11 A reminiscence of Terence’s Eunuch, 56ff., as pointed out by Akkerman 2, 7-8.
12 As Wolfson (1, 2:266) notes, this list is incomplete, omitting any reference to P6.
13 Meijer (followed by Appuhn) emended this to read: “without relation to the body’s existence,” thereby bringing it closer to the formula of P40S. Gebhardt retains the text of the OP, because it is supported by the NS. But whether we emend or not, the text is troublesome, partly because it is difficult to see how Spinoza can, consistently with his general account of the relation of mind and body, conceive of the mind’s having any kind of existence apart from the body, partly because here he ascribes duration to the mind, whereas he will soon argue that it (or the part of it which exists without the body) is eternal. The whole section which this scholium introduces (Props. 21-40) is generally regarded as more than usually obscure.
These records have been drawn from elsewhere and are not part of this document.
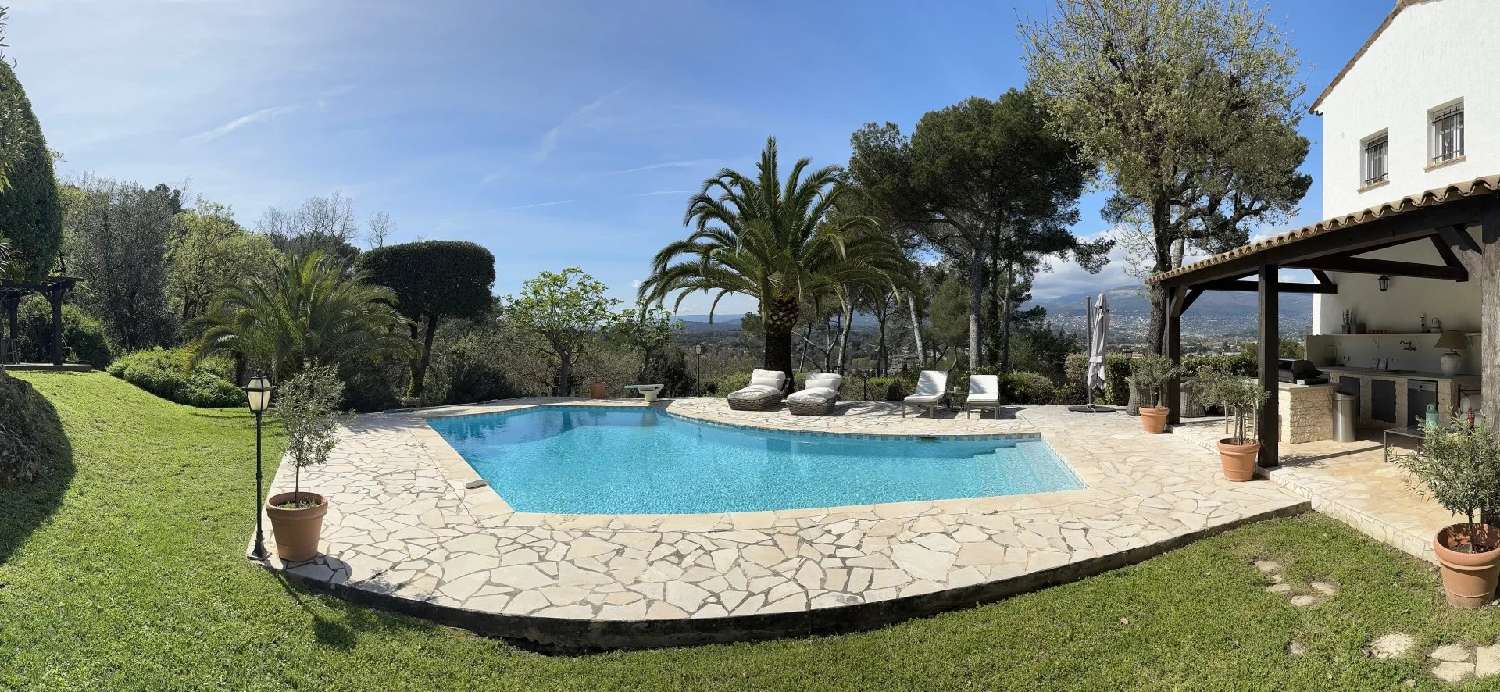  for sale villa Mougins Alpes-Maritimes 3
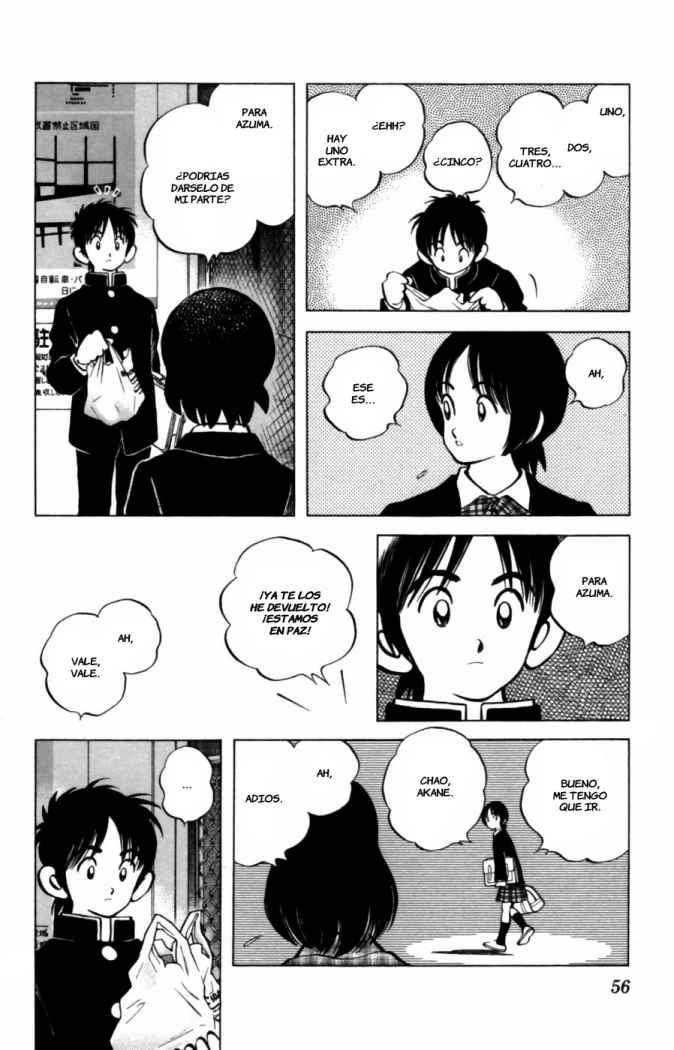 Read Cross Game (es) Manga Online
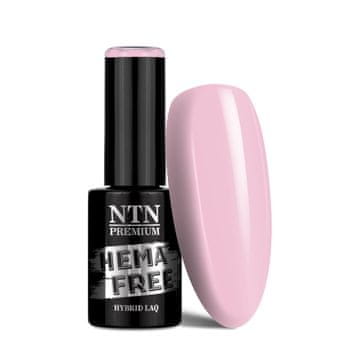 NTN NTN Premium Birthday Party Collection hibridni lak za nohte HEMADiHEMA Free 5g št. 47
Among the older commentators, see Pollock, 260-288; Joachim 1, 292-306. Three interesting recent struggles with this topic are Harris 3, Kneale, and Donagan 3.
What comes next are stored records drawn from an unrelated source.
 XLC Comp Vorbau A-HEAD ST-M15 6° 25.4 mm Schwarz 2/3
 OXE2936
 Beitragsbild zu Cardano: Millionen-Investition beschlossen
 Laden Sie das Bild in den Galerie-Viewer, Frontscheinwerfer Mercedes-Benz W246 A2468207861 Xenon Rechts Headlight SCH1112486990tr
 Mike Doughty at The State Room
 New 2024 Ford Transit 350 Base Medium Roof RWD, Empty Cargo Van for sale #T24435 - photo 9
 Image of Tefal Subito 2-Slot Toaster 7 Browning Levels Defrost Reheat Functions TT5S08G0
14 This sentence illustrates well the kind of difficulty characteristic of this part of the Ethics. On the face of it, Spinoza implies that we (who are here identified with parts of our minds; cf. IIP13C) not only will exist after the body, but did exist before it (though he denies the Platonic doctrine that we can come to recollect our preexistence). But in the same breath he asserts that we are eternal (cf. IIA1 and ID8) and that the eternal has no relation to time.
15 Gebhardt here adds a phrase from the NS which might very literally be translated: “or the more we have God’s intellect.” He takes this to be the key to understanding this “much debated and obscure proposition.” However, as Parkinson pointed out (179, n. 2), it is more natural to take the Dutch as an idiomatic paraphrase of ‘the more we understand God.’ Cf. also Akkerman 2, 100. Even if Gebhardt were right to conjecture a missing phrase in the Latin text, it is hard to see how it would help us understand this proposition.
16 Adopting a suggestion of Meijer, which Gebhardt rejects for no clear reason.
17 Wolfson (1, 2:311-317) considers a number of scriptural passages Spinoza may have had in mind, among them Psalms 16:9 and 73:24. See also the Glossary-Index on esteem.
18 Cf. P17 and P33S.
20 This, of course, is not only the creed of the multitude, but a belief often encouraged by Scripture, as Spinoza well knows. These concluding portions of the Ethics can be read as a secular sermon against (a very natural reading of) the Sermon on the Mount. Cf. Matt. 5-7. For an interpretation more favorable to the Judaeo-Christian tradition, see Wolfson 1, 2:326-329.